Minimum Wages Rising In 20 States And Several Cities

McDonalds workers and their supporters protest outside of a company-owned restaurant

McDonalds workers and their supporters protest outside of a company-owned restaurant

Ohio's hourly minimum wage is about to rise again, with the rate going up by 25 cents an hour today from $8.30 to $8.55. This is well above the federal minimum wage of $7.25.

The remaining 21 states use the federal minimum wage: Alabama, Georgia, Idaho, Indiana, Iowa, Kansas, Kentucky, Louisiana, Mississippi, New Hampshire, North Carolina, North Dakota, Oklahoma, Pennsylvania, South Carolina, Tennessee, Texas, Utah, Virginia, Wisconsin and Wyoming.

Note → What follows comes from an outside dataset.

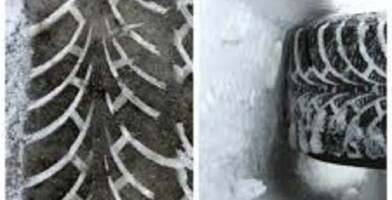 An in-depth review of the best snow tires in 2018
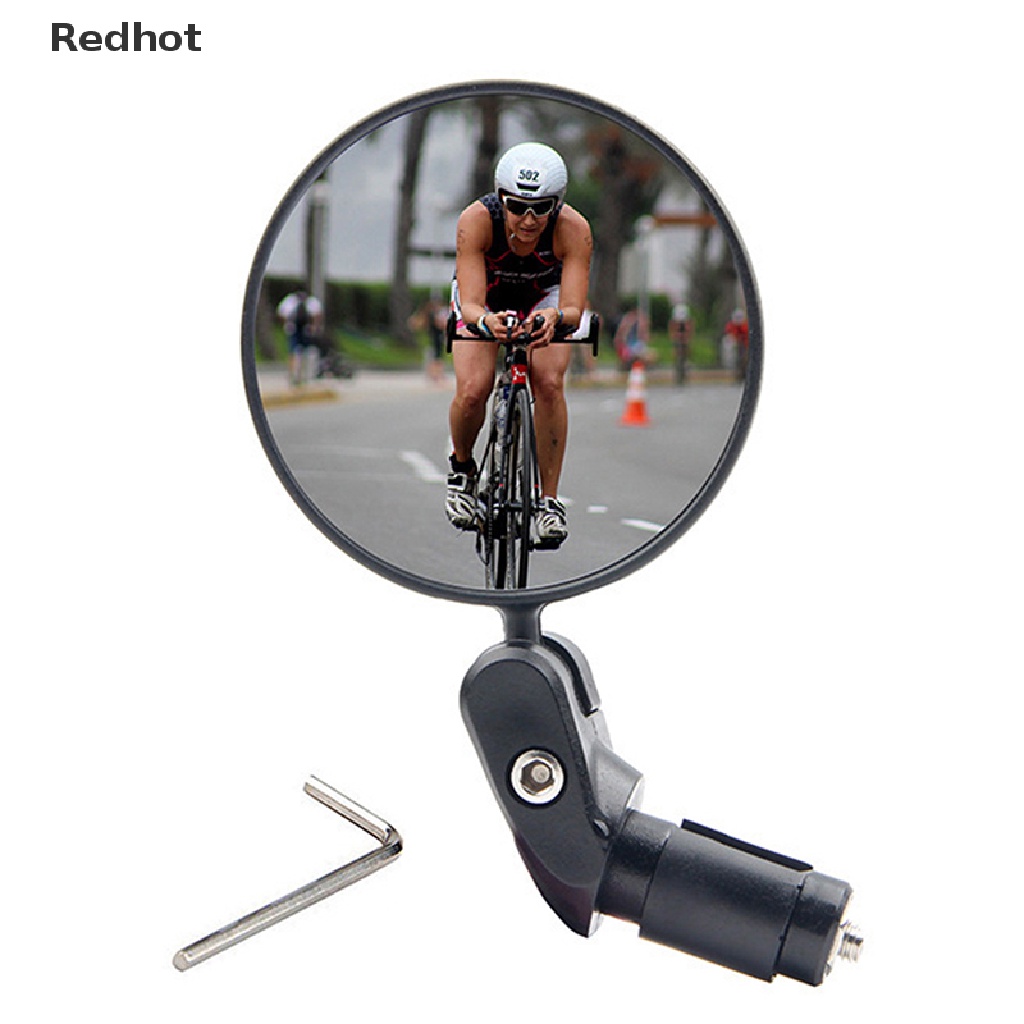 1 Gương Chiếu Hậu Acrylic Trái / Phải Thông Dụng Điều Chỉnh Góc Độ Cao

The new state minimum wage laws could affect about 5.3 million workers who are now earning less than the new standards, according to the liberal-leaning Economic Policy Institute, based in Washington, D.C. That equates to nearly 8 percent of the workforce in those 20 states but doesn't account for additional minimum wage increases in some cities. They get a pay hike. This brings to 29 the number of states with higher minimum wages than the federal level. The change will mean less for people in high-cost states like California and NY.

The popularity of minimum wage increases with voters has sometimes led to battles between voters and legislatures, as well as between states and smaller communities within them. In Michigan, legislators this year passed a wage increase before it was slated to go on the ballot in November, then, after the election, passed laws reducing the wage increases.

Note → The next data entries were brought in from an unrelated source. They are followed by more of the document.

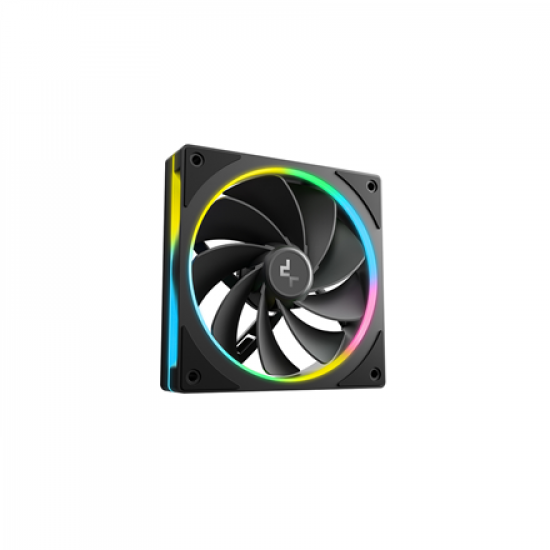 Deepcool Case | CL660 | Black | Mid Tower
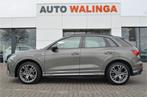 Audi Q3 35 TFSI S Line Virtual cockpit | Keyless | Carplay |, 4 cilinders, 150 pk, 1505 kg, Leder en Stof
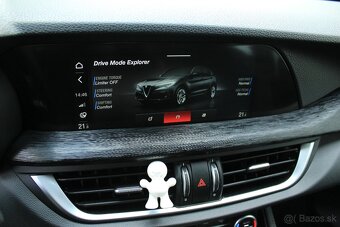 Alfa Romeo Stelvio 2.2 JTD 190k Q4 AWD A/T - 12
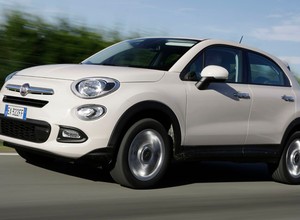Fiat 500X - Najlepsza z "500-tek"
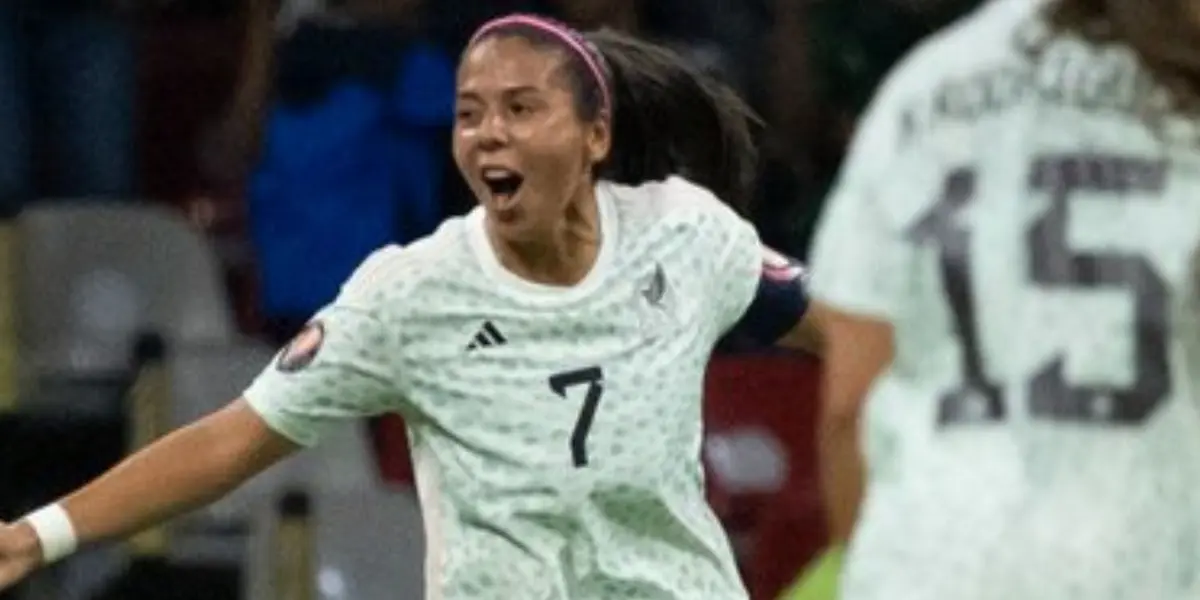 La jugadora ahora se encuentra en el país vecino continuando con su sueño.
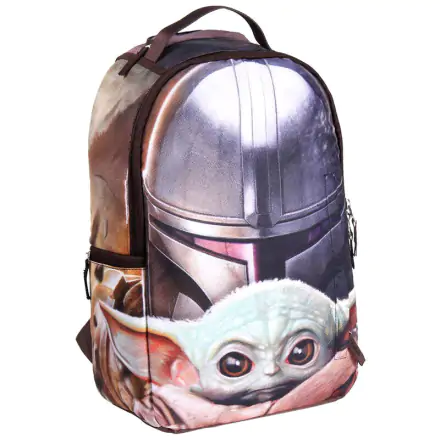 Star Wars The Mandalorian Rucksack The Mandalorian & Grogu Produktfoto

According to the National Employment Law Project (NELP), a nonprofit pushing for better pay, the list includes Arizona, California, Colorado, Maine, Massachusetts, Missouri, New York and Washington state. Wages and tips combined must equal at least the minimum wage.

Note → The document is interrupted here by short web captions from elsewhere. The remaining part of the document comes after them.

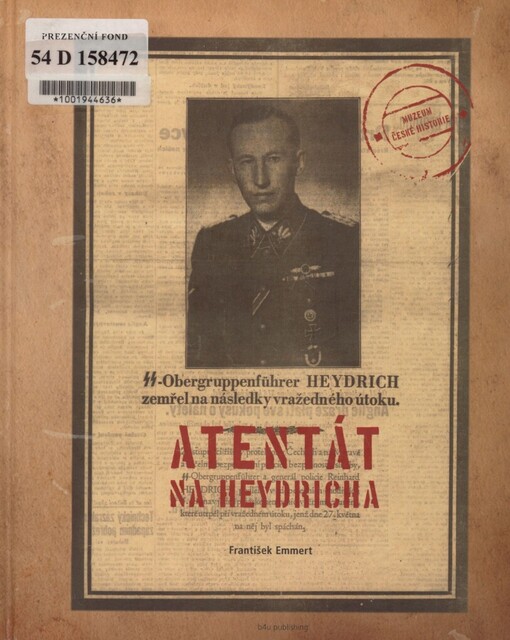 Atentát na Heydricha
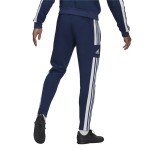 Pantalon de Antrenament de Fotbal pentru Adulți Adidas Sq21 Bleumarin Bărbați
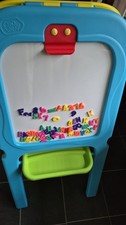 Chad valley double sided easel - chad,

Seattle, the fastest-growing large city in the USA, has been at the forefront of the movement for higher minimum wages.

The federal minimum wage was last raised in 2009.

Beginning Jan. 1, 2019, New Yorkers will get more time to bond with a new child, to care for a sick family member or to help loved ones when a family member is deployed overseas for military service as the state's eligible paid family leave increases to 10 weeks.

Some of the 2019 hikes are part of laws that require wages to increase progressively each year. Numerous states that voted to increase their minimums have also previously passed laws forbidding cities from setting their local wages higher. The government said it would give a six-month grace period to companies to change the wage structure.